His voice fell, too, although neither of us looked at each other. We both stared at the desk and the book in front of us.
“If he can’t move forward”—I swallowed and reached out, deliberately this time, and set my hand next to his, barely touching him—“then what’s the point?”
His skin was tough, not like Tommy’s babyish skin, and I felt the warmth radiate from his pinky finger into mine and through my whole body. I wanted to slip my palm over his and thread our fingers together, but I didn’t dare. Tommy could stand up and see us at any moment. Someone could walk by in the hallway and glance through the window in the door.

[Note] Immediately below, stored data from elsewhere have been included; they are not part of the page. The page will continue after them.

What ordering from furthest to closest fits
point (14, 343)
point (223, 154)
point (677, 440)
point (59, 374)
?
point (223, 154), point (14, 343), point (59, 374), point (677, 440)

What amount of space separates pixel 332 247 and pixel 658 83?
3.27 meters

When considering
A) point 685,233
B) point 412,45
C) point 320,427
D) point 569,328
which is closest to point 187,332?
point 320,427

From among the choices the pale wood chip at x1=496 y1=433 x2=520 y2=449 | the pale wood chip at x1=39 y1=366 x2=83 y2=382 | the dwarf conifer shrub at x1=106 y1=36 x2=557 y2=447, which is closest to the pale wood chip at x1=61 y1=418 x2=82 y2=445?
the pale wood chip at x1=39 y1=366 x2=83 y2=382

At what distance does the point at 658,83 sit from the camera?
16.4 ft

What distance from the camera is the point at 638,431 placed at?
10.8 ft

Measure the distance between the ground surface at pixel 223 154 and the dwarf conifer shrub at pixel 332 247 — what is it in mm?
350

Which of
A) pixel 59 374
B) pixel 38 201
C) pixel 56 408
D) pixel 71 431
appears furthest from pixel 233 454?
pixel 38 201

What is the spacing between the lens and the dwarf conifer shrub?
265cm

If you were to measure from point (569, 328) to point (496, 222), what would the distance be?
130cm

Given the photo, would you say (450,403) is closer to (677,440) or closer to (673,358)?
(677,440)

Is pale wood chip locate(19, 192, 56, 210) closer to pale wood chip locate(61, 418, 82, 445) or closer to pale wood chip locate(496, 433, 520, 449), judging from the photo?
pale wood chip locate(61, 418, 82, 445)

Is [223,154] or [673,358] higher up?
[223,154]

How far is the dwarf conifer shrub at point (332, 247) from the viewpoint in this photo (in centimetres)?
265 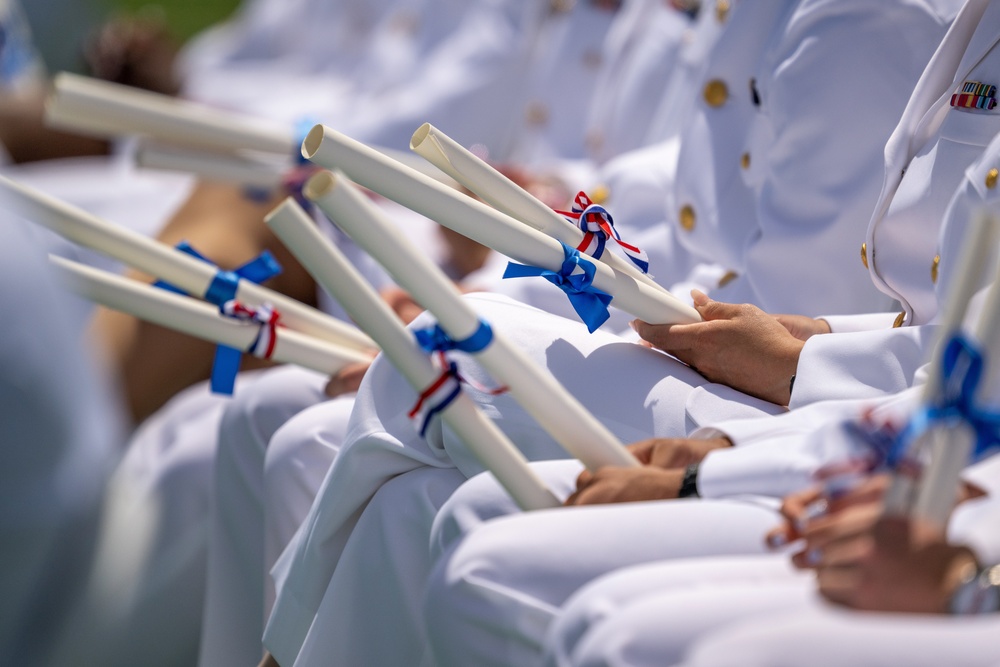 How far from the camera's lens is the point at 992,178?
798 millimetres

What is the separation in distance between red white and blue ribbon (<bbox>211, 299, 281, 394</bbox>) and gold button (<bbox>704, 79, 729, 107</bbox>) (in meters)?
0.59

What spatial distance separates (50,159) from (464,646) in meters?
2.58

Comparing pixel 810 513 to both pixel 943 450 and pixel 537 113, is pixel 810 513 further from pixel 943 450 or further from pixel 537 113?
pixel 537 113

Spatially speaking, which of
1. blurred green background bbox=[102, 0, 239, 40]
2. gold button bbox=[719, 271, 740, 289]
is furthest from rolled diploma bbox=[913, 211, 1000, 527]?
blurred green background bbox=[102, 0, 239, 40]

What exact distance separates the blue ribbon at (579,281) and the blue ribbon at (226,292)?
0.35m

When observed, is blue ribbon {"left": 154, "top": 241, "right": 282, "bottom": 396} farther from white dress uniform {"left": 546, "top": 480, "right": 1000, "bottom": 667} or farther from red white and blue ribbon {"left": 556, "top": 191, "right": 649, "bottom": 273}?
white dress uniform {"left": 546, "top": 480, "right": 1000, "bottom": 667}

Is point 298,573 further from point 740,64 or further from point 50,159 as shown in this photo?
point 50,159

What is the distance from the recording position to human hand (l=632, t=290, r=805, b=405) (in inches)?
36.2

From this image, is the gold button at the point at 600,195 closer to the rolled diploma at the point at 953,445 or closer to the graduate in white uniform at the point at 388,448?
the graduate in white uniform at the point at 388,448

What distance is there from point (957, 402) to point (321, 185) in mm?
412

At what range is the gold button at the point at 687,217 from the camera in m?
1.33

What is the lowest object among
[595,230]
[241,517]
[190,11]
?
[190,11]

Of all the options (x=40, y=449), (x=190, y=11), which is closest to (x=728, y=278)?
(x=40, y=449)

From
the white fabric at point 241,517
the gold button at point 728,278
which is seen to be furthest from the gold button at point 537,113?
the white fabric at point 241,517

A second ticked by, then two, while Peter left his hand next to mine and I thrilled at this tiny, forbidden contact.
Peter took a deep breath and spoke, carefully and deliberately. “The character made his choices already. That’s the point of the story. He has to face the consequences of his decisions.
“Read this section again.” He picked up the book, breaking contact, and my heart sank. He found the paragraph he wanted and gave it to me, then scooted a safe distance away.
The words swam around on the page. I had no idea what any of it said. I remembered my first date with Tommy, how he’d held my hand and twirled me around so sweetly and I didn’t feel anything, not even a single drop of the reaction I’d just had to the barest touch of Peter’s skin. If I was a normal girl with normal dreams, I would have been giddy about Tommy Kinakis’s hesitant touch. I would have giggled over him with all my girlfriends and pulled him closer instead of ducking my head and turning away. It would have been so much simpler and I took a moment to mourn for what I could never be. No matter how well I played the part, I would never become the role.
So it was time to pull back the curtain and take a bow.
“Okay, I think I see your point.” I closed the book and put it away.
“I hope you’ll at least think about what I’ve said before you write the essay.”
“Of course.” I added, in a softer voice, “I always do.” Before he could say anything, I pulled out a sheet of paper and wrote something, then stood up and pulled on my coat and book bag. I positioned myself between the guys and Peter, so they couldn’t see him, and handed him the piece of paper with the note in the middle of the page.
What do you think of Hattie’s new boyfriend? —HollyG
Peter’s head snapped up and he stared at me, confusion all over his face. I let my heartbeat settle down and gave him a slow smile, the kind of smile that conspirators exchange, that revealed everything without saying a word, the kind of smile that lit up an entire stage and said to every person in the audience, I’m yours and only yours. I smiled at him with everything buried inside me that longed to break free.
Just as the understanding started to filter through his eyes, I turned and strolled out of the classroom, winking at Tommy as I passed.
PETER / Thursday, December 6, 2007
WHAT DID I think of Hattie’s boyfriend? What did I think of Tommy Kinakis?? I thought he was dating a sociopath, that’s what I thought of him.
My footfalls were hard and driving, chewing up the cartilage in my knees with grim satisfaction. I needed to destroy something and my body was the only available option.
Since cross-country had finished I’d started running at night again, and these holiday nights were endless. The snow we’d gotten for Thanksgiving had melted and given way to a dry, dark December. The sun gave up the horizon as soon as I pulled into Elsa’s driveway after work, casting a final weak flare against the metal silo before the darkness swallowed everything and the silence began. All the summer chirping of insects had vanished. Even the chickens were quiet. There was nothing to interrupt my constant guilt except exertion.